TASK TO CARRY OUT » Without copying any picture, transcribe exactly the lines of the data below from the one containing "weelderig groen landschap in Marokko foto" through the one containing "Ruby-crowned Kinglet - ML646912624".

####

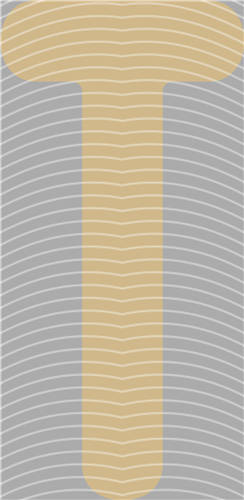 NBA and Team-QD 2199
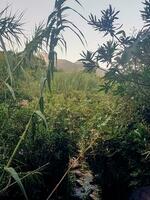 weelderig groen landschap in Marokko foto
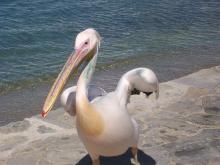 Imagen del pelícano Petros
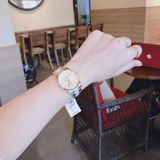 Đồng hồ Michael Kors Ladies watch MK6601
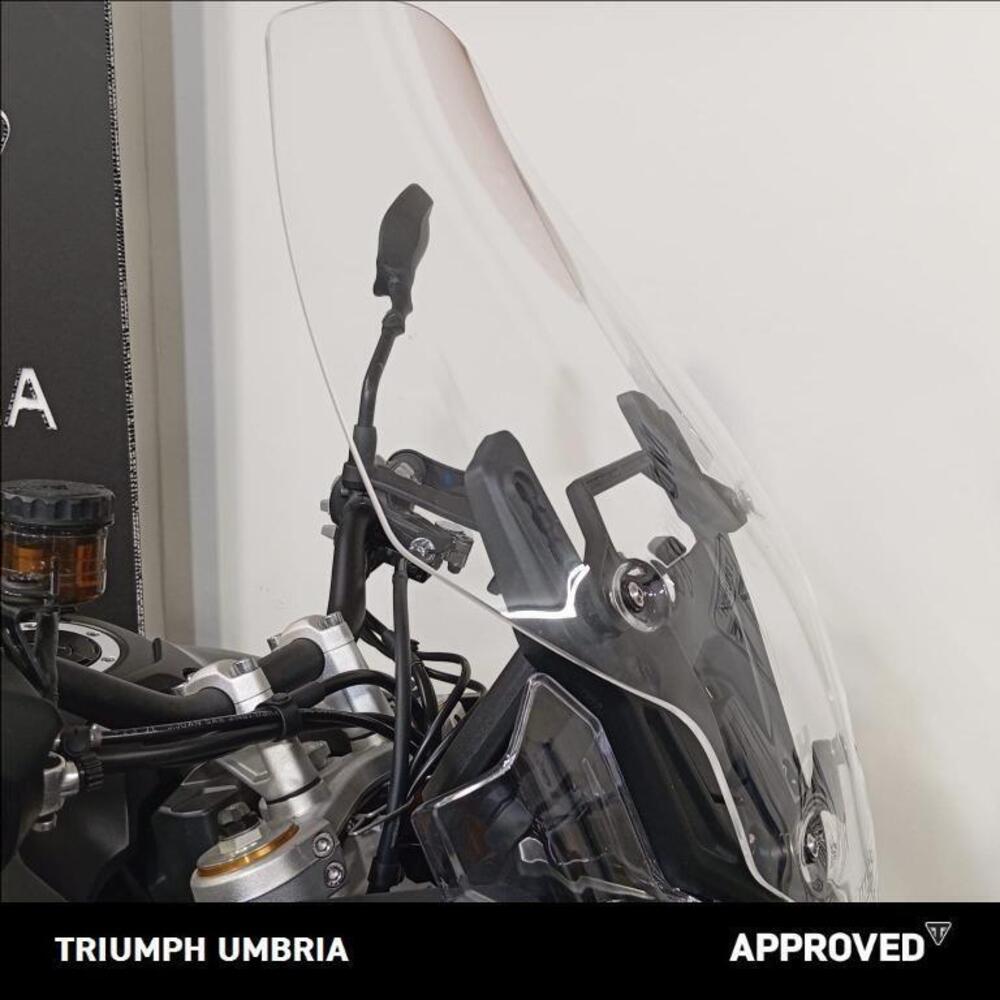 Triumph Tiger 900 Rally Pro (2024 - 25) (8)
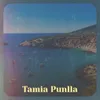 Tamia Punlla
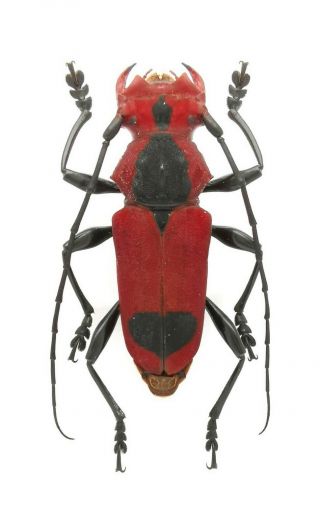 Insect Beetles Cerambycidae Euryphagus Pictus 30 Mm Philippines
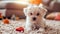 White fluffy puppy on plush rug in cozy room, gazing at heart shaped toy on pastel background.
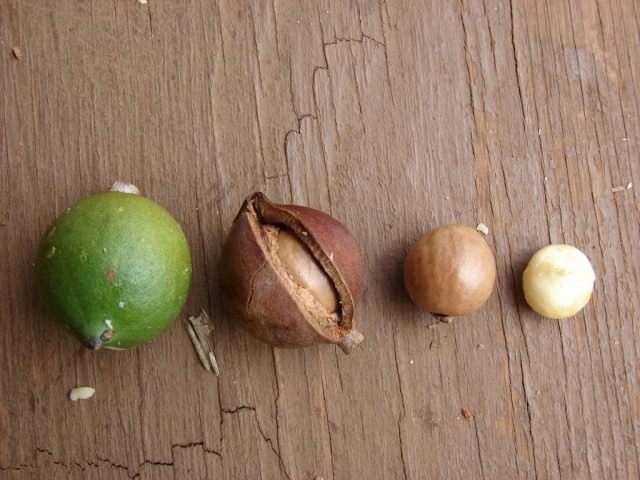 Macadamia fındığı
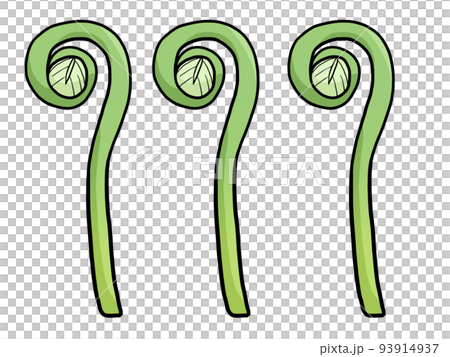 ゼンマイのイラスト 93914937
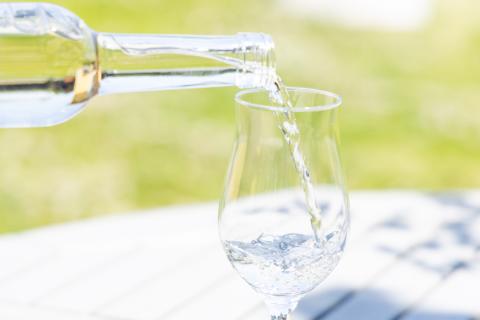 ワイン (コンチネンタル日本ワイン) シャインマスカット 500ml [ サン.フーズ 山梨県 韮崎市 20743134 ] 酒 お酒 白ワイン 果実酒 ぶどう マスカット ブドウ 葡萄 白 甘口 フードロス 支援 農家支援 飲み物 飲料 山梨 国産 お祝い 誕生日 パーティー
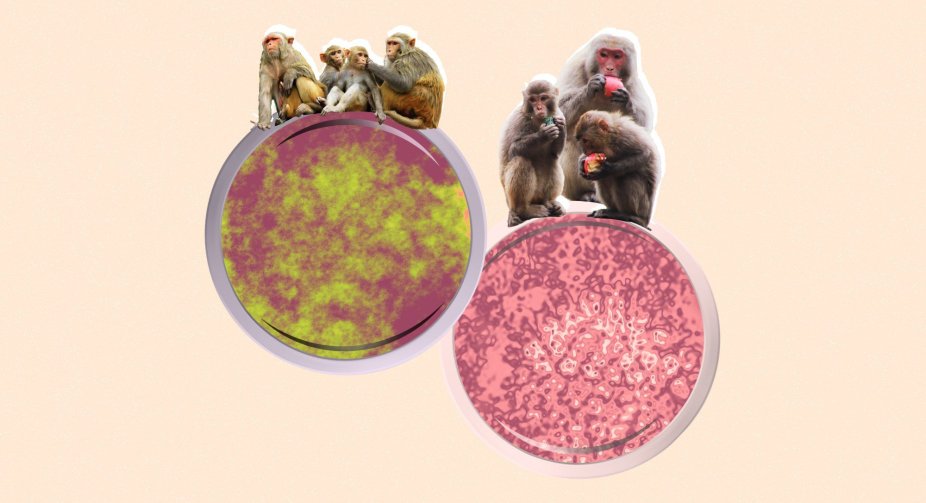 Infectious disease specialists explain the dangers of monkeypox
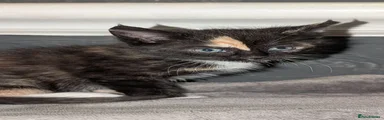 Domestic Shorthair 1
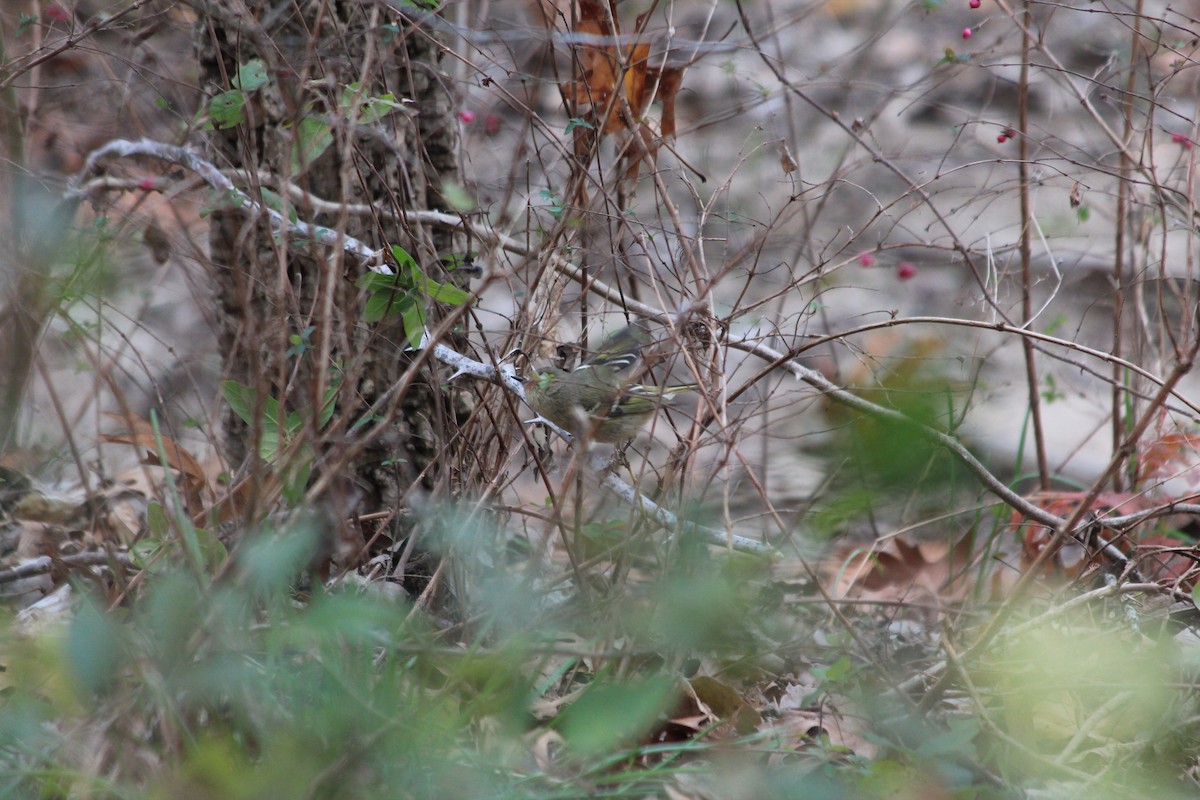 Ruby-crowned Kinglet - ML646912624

####

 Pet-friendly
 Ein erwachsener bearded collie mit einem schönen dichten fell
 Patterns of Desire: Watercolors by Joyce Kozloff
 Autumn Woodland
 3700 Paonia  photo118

####

TASK SOLUTION »
 weelderig groen landschap in Marokko foto
 Imagen del pelícano Petros
 Đồng hồ Michael Kors Ladies watch MK6601
 Triumph Tiger 900 Rally Pro (2024 - 25) (8)
 Tamia Punlla
 Insect Beetles Cerambycidae Euryphagus Pictus 30 Mm Philippines
 White fluffy puppy on plush rug in cozy room, gazing at heart shaped toy on pastel background.
 Macadamia fındığı
 ゼンマイのイラスト 93914937
 ワイン (コンチネンタル日本ワイン) シャインマスカット 500ml [ サン.フーズ 山梨県 韮崎市 20743134 ] 酒 お酒 白ワイン 果実酒 ぶどう マスカット ブドウ 葡萄 白 甘口 フードロス 支援 農家支援 飲み物 飲料 山梨 国産 お祝い 誕生日 パーティー
 Infectious disease specialists explain the dangers of monkeypox
 Domestic Shorthair 1
 Ruby-crowned Kinglet - ML646912624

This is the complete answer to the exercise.